Mit diesem Wettbewerb ist für die Frauen mit der ausgeprägten Leidenschaft für heiße Öfen zumindest ein Schritt gemacht. Das Hauptziel war, Fahrerinnen, die bei den Rennserien der Männer die Lust verloren hatten, bei der Stange zu halten. Wobei sich die Spitze der Frauen zumindest auf regionaler Ebene nicht zu verstecken braucht. Gern gibt Alexandra Haupt die Geschichte zum Besten, wie ihre Kollegin Stefanie Laier einst vor allen Männern ins Ziel kam. "Der Zweitplatzierte fiel fast vom Motorrad, als sie ihren Helm abnahm", erzählt sie stolz.
Männer machen sich breit
Die Reaktionen der Männer fallen sehr unterschiedlich aus. "Die Jüngeren sind schon aufgeschlossen", sagt Alexandra Haupt.
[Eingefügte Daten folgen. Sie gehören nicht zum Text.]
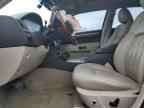 2006 CHRYSLER 300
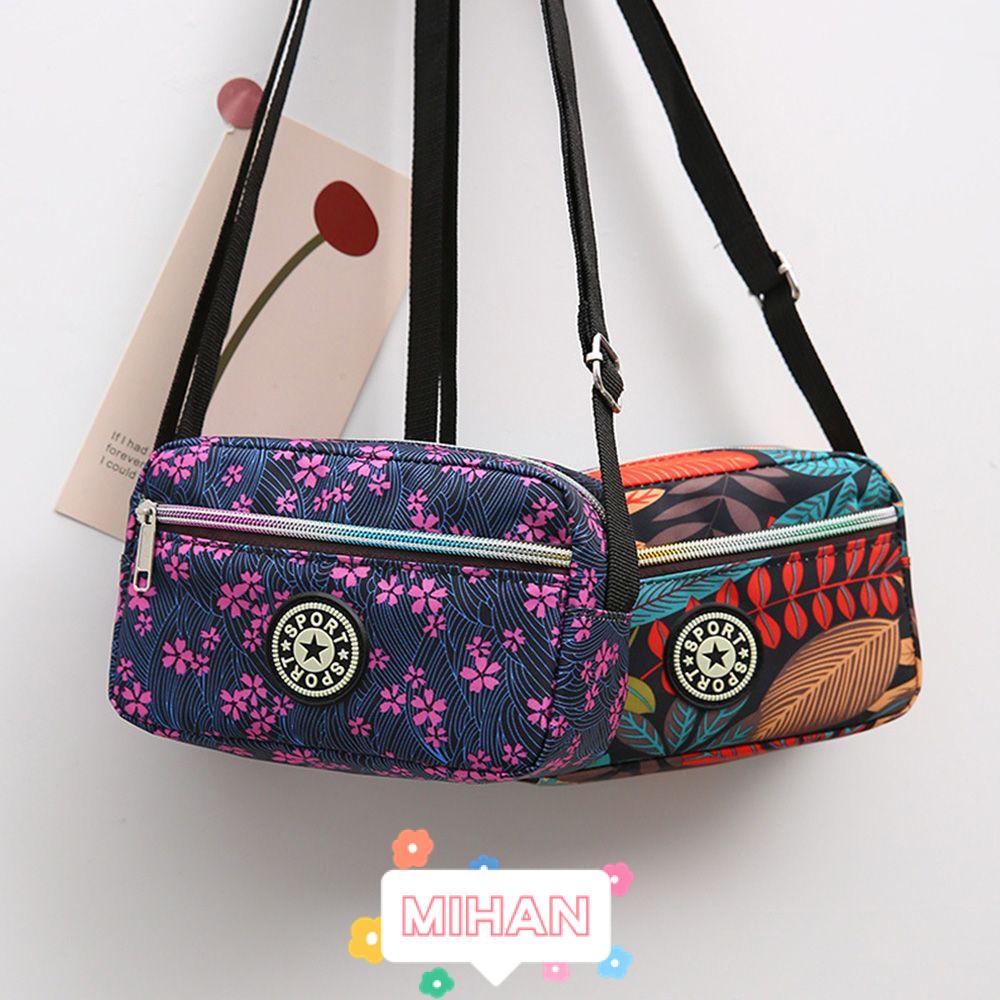 Túi Tote Đeo Vai MIHAN1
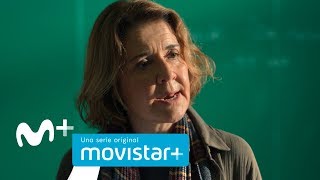 Cómo se hizo 'Merli. Sapere aude' | Movistar+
Sie startete schon in Seniorenrennen und erlebte dort, wie sich die älteren Fahrer "ganz besonders breit machten", um mit aller Macht zu verhindern, dass sie überholt werden. Mit ihren Kolleginnen will die Neunzehnjährige fahrerisch überzeugen, um zu zeigen, "dass wir mehr können als Boxenluder zu sein oder am Herd zu stehen". Das ist den schnellen Frauen in Arnstein gelungen. Auf dem schwierigen Arnsteiner Parcours mit den zahlreichen Sprüngen legten die 23 Fahrerinnen zwei spannende Läufe hin. Und das trotz gefühlten 35 Grad und keinem bisschen Schatten auf der Strecke. Echte Frauenpower hatte der Motorsportclub Arnstein den Zuschauern angekündigt - und nicht zu viel versprochen.
Im Wettstreit um den deutschen Motocross-Pokal der offenen Klassen mit insgesamt 22 Startern kämpften der Mühlheimer André Adrian und Stefan Hau aus Lenggries um den Gesamtsieg, den sich Hau durch seinen Sieg im zweiten Lauf sicherte. Lokalmatador Andreas Rudloff belegte auf seiner "Suzuki RM 250" Rang fünf. Im Rennen um den deutschen Motocross-Pokal der 125-ccm-Klasse blieben die in der Meisterschaft führenden Florian Burkenstein und Benjamin Meusel überraschend zurück. Es gewann hier der für den Arnsteiner Motorsportclub startende Christoph Weller.